La vorágine del ladrillo ya sabemos a donde nos ha conducido, por ello es el momento de reflexionar sobre esa locura vivida. Esa en la que de un modo u otro todos hemos participado, si bien es verdad que unos más que otros. La hacen los ciudadanos quienes se ven con veinte años de hipoteca de sus viviendas por delante, pues nadie las compraría hoy ni a mitad de su valor de tasación. La hacen los bancos, principales propietarios de los inmuebles cuyas hipotecas han ejecutado; también la administración pública que encontró en ellas la gallina de los huevos de oro y unas ubres de ingresos que parecían infinitas, aun cuando les condujo a levantar grandes obras y edificios públicos endeudándose indebidamente…
Pero ante todo, deben reflexionar los arquitectos. Pensar que si bien su trabajo es un arte, este debe estar al servicio del hombre, debe cumplir con su función, hacer más humano el espacio, cómodo y funcional de forma que las estancias plazas y calles estén ante todo al servicio del hombre y sus necesidades. Todo eso, claro está, además de cumplir una función estética.
Ocurre que, en ésta vorágine constructiva, los arquitectos olvidaron algo que dijo un gran arquitecto: «La función de la arquitectura debe resolver el problema material sin olvidarse de las necesidades espirituales del hombre» (Luis Barragan 1902/1988). No se trata pues de sacrificarlo todo a la estética de la genialidad, a lo llamativo que nos garantizará el triunfo en el concurso público convocado para proyectar esa edificación singular o a las revistas de arquitectura y edificación.

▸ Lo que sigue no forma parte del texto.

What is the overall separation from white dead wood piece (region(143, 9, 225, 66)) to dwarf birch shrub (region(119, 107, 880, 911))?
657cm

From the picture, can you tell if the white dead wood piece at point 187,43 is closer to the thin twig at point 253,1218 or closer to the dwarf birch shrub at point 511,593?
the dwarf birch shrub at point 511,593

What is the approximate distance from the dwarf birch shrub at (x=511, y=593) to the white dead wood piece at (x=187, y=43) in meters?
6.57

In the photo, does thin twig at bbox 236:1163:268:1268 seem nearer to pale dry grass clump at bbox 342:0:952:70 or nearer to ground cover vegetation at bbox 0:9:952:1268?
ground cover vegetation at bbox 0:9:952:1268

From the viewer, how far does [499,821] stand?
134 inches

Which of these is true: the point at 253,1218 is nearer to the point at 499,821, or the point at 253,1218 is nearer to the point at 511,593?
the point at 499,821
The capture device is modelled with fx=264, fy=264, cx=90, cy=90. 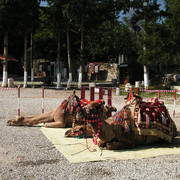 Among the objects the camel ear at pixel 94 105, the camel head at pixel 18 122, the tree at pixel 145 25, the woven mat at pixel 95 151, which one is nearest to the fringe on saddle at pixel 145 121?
the woven mat at pixel 95 151

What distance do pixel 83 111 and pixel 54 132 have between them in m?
2.29

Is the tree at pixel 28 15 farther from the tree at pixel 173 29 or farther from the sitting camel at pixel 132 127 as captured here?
the sitting camel at pixel 132 127

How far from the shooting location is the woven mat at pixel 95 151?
5.41 metres

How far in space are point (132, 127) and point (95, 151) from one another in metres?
1.00

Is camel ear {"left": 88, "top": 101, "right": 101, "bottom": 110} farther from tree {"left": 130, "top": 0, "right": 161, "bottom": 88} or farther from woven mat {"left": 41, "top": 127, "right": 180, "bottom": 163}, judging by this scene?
tree {"left": 130, "top": 0, "right": 161, "bottom": 88}

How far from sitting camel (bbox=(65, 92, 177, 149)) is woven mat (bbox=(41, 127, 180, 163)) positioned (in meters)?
0.17

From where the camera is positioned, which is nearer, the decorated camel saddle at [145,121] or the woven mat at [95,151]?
the woven mat at [95,151]

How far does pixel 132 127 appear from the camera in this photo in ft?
19.6

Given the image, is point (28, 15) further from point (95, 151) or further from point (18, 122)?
point (95, 151)

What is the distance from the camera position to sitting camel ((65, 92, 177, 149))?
5773 millimetres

Otro arquitecto español Julio Cano Lasso (1920-1996) afirmaba: « La arquitectura es un reflejo de la sociedad que la construye. La sociedad esta desorientada y los arquitectos, con nuestras modas y caprichos, tenemos mucha culpa».
Durante la burbuja inmobiliaria se ha construido mucho, tanto en el sector privado como en el público y en ambos se han cometido auténticos disparates. En el público hemos visto levantar más edificios que nunca, muchos de ellos premios nacionales o especiales de arquitectura y después, a pesar de su originalidad e impacto o belleza visual, se ha descubierto que son un auténtico río de problemas que han obligado a intervenciones de restauración, conservación o prevención de riesgos.

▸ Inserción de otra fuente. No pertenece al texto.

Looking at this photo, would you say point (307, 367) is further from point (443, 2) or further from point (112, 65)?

Un caso singular es el nuevo edificio de los Juzgados en Jumilla, diseñado por los arquitectos Juan Atº Sánchez Morales y Carlos Jurado Fernández. El proyecto causó admiración por la solución dada en su fachada orientada al Sur. Los arquitectos querían aprovechar al máximo la luz solar; pero la orientación de su fachada al Sur obligaba mitigar el rigor del sol, se trataba como ellos mismos aseguran de: «Conjugar iluminación y protección»; sin embargo, como ocurre en toda obra pública, los tubos que estaban previstos en aluminio al final, por déficit el presupuestario, terminaron siendo de tubería corrugada de saneamiento.

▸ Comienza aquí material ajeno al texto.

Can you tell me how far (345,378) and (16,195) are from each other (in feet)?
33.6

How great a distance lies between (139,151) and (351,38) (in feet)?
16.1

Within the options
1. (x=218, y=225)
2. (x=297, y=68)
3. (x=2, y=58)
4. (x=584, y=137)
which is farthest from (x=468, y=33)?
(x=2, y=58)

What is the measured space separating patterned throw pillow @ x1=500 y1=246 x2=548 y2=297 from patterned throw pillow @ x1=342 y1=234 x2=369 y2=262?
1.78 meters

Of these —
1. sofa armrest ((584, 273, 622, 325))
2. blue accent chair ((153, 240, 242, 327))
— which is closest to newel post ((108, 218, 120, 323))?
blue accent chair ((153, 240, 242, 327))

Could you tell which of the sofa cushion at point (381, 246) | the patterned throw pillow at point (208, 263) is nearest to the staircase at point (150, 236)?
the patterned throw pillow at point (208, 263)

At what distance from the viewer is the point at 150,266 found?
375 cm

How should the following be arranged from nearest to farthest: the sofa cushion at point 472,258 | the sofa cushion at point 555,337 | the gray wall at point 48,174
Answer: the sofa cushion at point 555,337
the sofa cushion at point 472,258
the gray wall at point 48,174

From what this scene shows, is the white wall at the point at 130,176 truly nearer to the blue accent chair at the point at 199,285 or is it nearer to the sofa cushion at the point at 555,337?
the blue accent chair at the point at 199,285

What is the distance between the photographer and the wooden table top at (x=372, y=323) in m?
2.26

El edificio inaugurado en el verano de 2006 causó sensación, pero las inclemencias y el implacable sol de justicia que cae en Jumilla pronto dieron cuenta de los materiales plásticos de los tubos cuyos trozos se desprendían y caían a la vía pública. De ahí que ya fuera objeto este edificio de una intervención, fijando todos los tubos de su fachada con una red. En la actualidad, suponemos que por el mismo motivo, estos tubos de fachada se han desmontado y asistimos a otra intervención en la misma. En definitiva un edificio que apenas cuenta con seis años de existencia, nuevo flamante como quien dice y va por su segunda intervención para consolidar elementos o estructuras del edificio que no son adecuadas.
Quizá la culpa no sea de los arquitectos, ellos las proyectaron en aluminio; pero si era muy costoso, seguramente no eran adecuadas. Claro, que quizá en aquella vorágine entre el presupuesto del proyecto y la ejecución del mismo mediaron otras muchas cosas.
Lo triste, lo penoso es ver como hay que seguir metiendo un dinero que no tenemos en edificios públicos de reciente construcción.